▸ Your task
Print each entry precisely; exclude the pictures.

▸ Study material
● ● ●
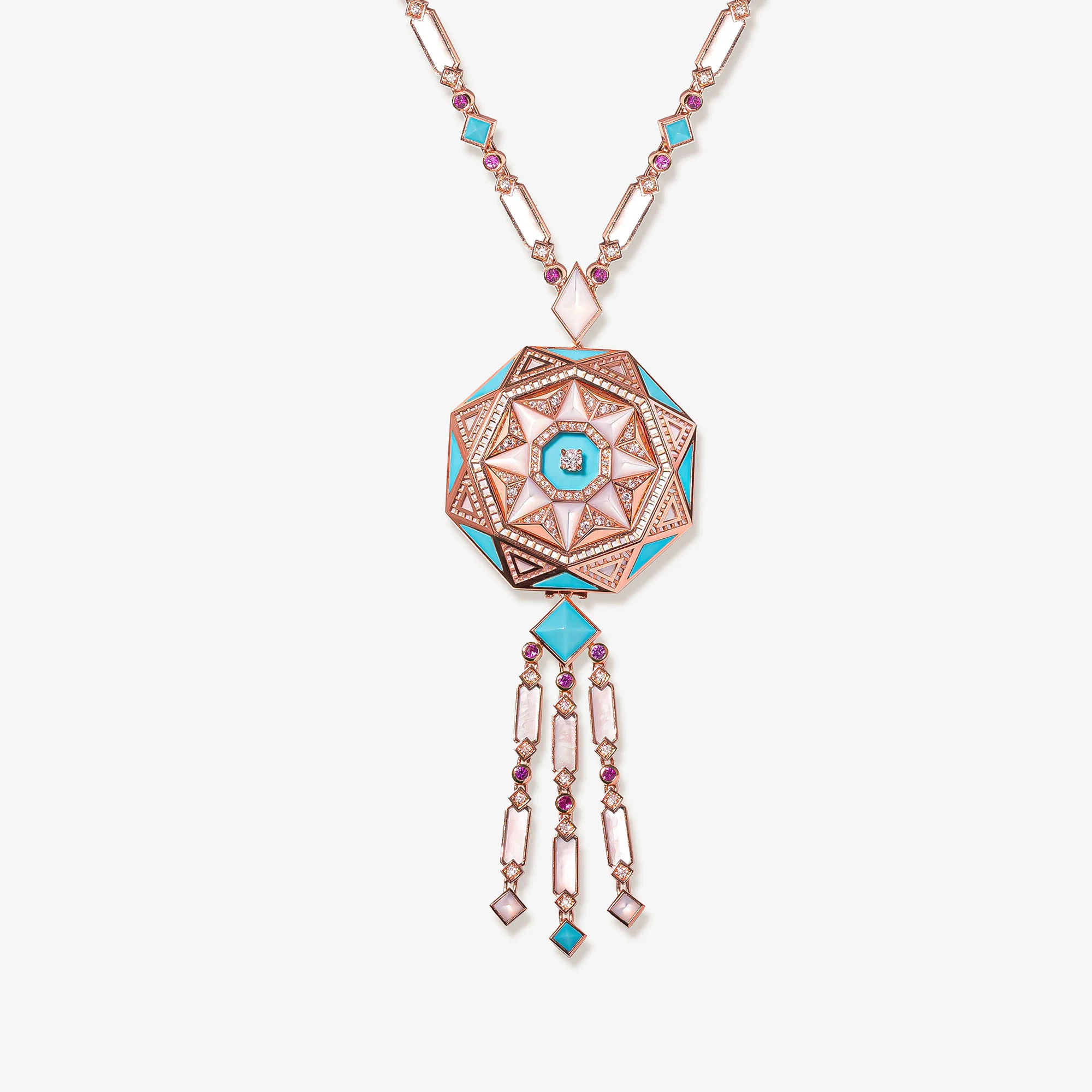Sarh Kayan Turath Turquoise & Mother of Pearl Sautoir Necklace - Image 3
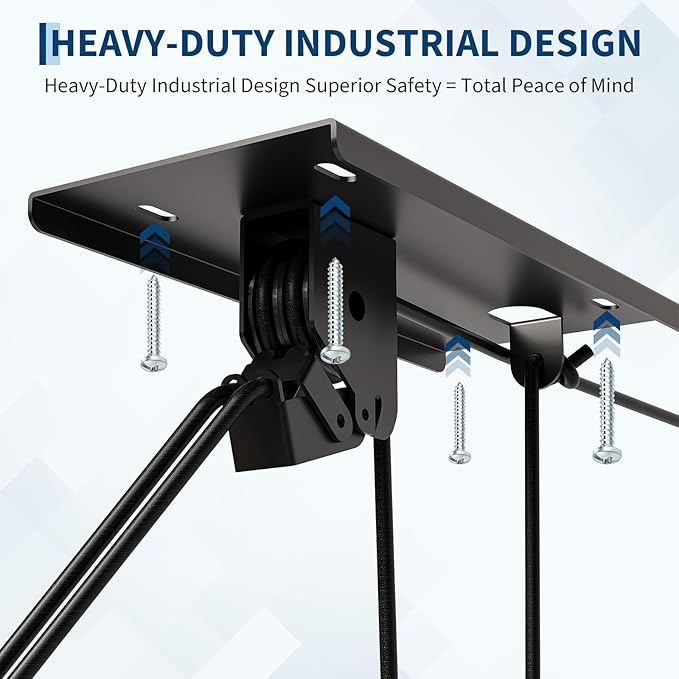 Cargo Box Garage Pulley System, Heavy‑Duty Overhead Hoist for Rooftop Cargo Boxes & Large Bins, 200 Lb Capacity, Fits 10–14 ft Garage Ceilings, Adjustable Straps & Dual Fixed‑Point Design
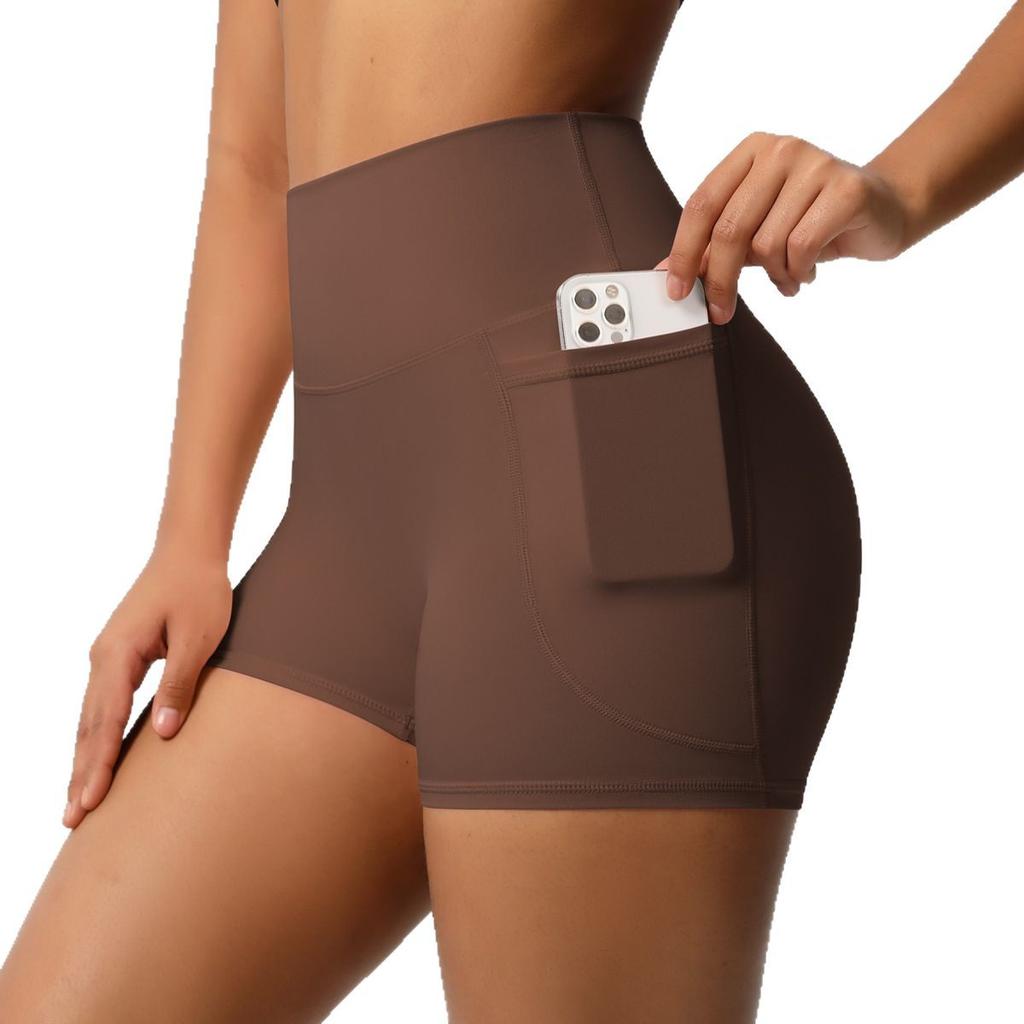 Brushed Solid-Colour High-Waisted Slim-Fit Stretch Yoga Shorts for Women – Perfect for Running, Fitness and Workouts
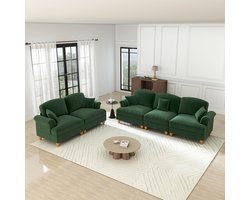 Tweedelige set - 3-zits bank en tweezitsbank - middeleeuws-modern stijl - met trompetvormige armleuningen en afneembare geplooide rok - groen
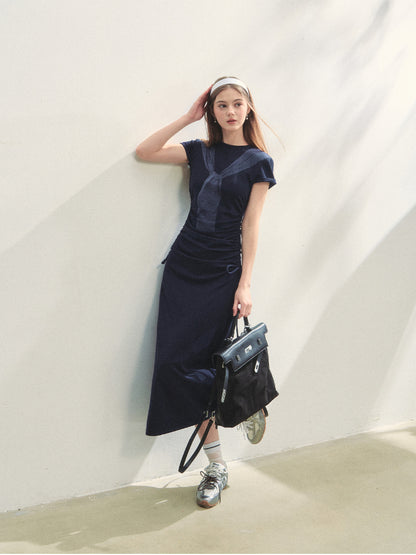 Printed Side Gathered Tie Dress - CHINASQUAD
● ● ●
▸ Exercise answer
Sarh Kayan Turath Turquoise & Mother of Pearl Sautoir Necklace - Image 3
 Cargo Box Garage Pulley System, Heavy‑Duty Overhead Hoist for Rooftop Cargo Boxes & Large Bins, 200 Lb Capacity, Fits 10–14 ft Garage Ceilings, Adjustable Straps & Dual Fixed‑Point Design
 Brushed Solid-Colour High-Waisted Slim-Fit Stretch Yoga Shorts for Women – Perfect for Running, Fitness and Workouts
 Tweedelige set - 3-zits bank en tweezitsbank - middeleeuws-modern stijl - met trompetvormige armleuningen en afneembare geplooide rok - groen
 Printed Side Gathered Tie Dress - CHINASQUAD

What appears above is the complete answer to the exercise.